Partner benefits packages are one part of a broader partner ecosystem that includes designations, specializations, incentives, and co-selling opportunities. While designations and specializations help you signal your technical capability and customer success in certain solution areas, the benefits packages give you the day-to-day tools and support to actually build and deliver those solutions. As you move up in the partner ecosystem, earning solutions partner designations or specializations, the way you use your benefits tends to mature as well: internal environments become more standardized, internal training becomes more structured, and you lean more on advanced workloads and support options. In many cases, the combination of a benefits package plus a designation or specialization makes you more attractive for collaboration, whether that is with Microsoft field teams, distributors, or other partners. By making sure your benefits package matches your program ambitions, you create a consistent story: your capabilities, your internal readiness, and your official recognition all line up. 

Azure credits included in partner benefits packages are more than a nice-to-have budget line; they are often the engine for innovation and experimentation inside your practice. Partners commonly use these credits to build sandbox environments where they can test reference architectures, explore new services, or validate performance and security assumptions before going to a customer with a proposal. They are also ideal for building internal tools, like automation scripts, dashboards, or monitoring setups, that make your services more efficient or differentiated. For presales, Azure credits enable short-lived proof-of-concept deployments that show customers what is possible without forcing them to commit resources too early. When used intentionally, these credits can help you refine offers, reduce risk in complex projects, and cultivate a culture where technical teams feel free to experiment with new capabilities. The key is to treat them as strategic fuel rather than just free spend: plan how you will use them, so they directly support your pipeline and delivery roadmap. 

A major, often underestimated value of partner benefits packages is how they enable continuous learning inside your organization. Your team gets access to real, fully functional product environments that they can explore deeply, break safely, and rebuild without jeopardizing customer systems. That translates into more hands-on experience with new features, architectures, and best practices than you would get from training alone. Because the packages sit within a wider ecosystem of learning resources and partner communities, your staff can also follow structured skilling paths and then immediately apply what they learn in the internal environment. Over time, this combination of training plus real-world lab access shortens the ramp-up time for new hires, helps senior staff stay current with evolving capabilities, and gives everyone a shared platform for knowledge sharing and experimentation. In a world where AI, security, and cloud services change constantly, that built-in learning environment is a significant strategic advantage. 

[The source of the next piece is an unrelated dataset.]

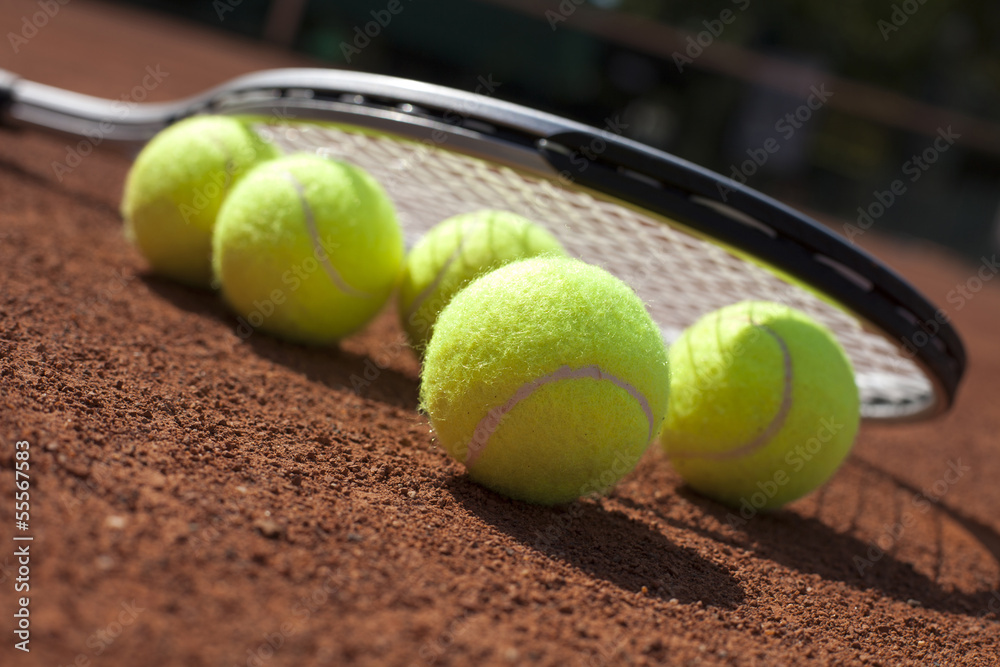 Tennis balls and racket on field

Before you select or switch packages, it helps to do a short internal review so you make a deliberate, not reactive, choice. Start by mapping who in your organization actually needs hands-on access to Microsoft products, sales, presales, delivery, support, and internal operations, and what they use today. Then, list the solution areas you are committed to focusing on in the next year, such as security, AI, cloud infrastructure, or business applications, and note which internal gaps are slowing you down: lack of demo environments, limited Azure capacity, or insufficient training space. It is also useful to look at your pipeline and current projects to understand whether your biggest pain is experimentation, presales design, delivery risk, or scale. With that information, you can evaluate packages based on which one removes the most friction rather than which one simply looks impressive on paper. Finally, set expectations with your team: define how you will use the new benefits, who will own the environmentsand how you will measure whether the package is actually helping your practice grow.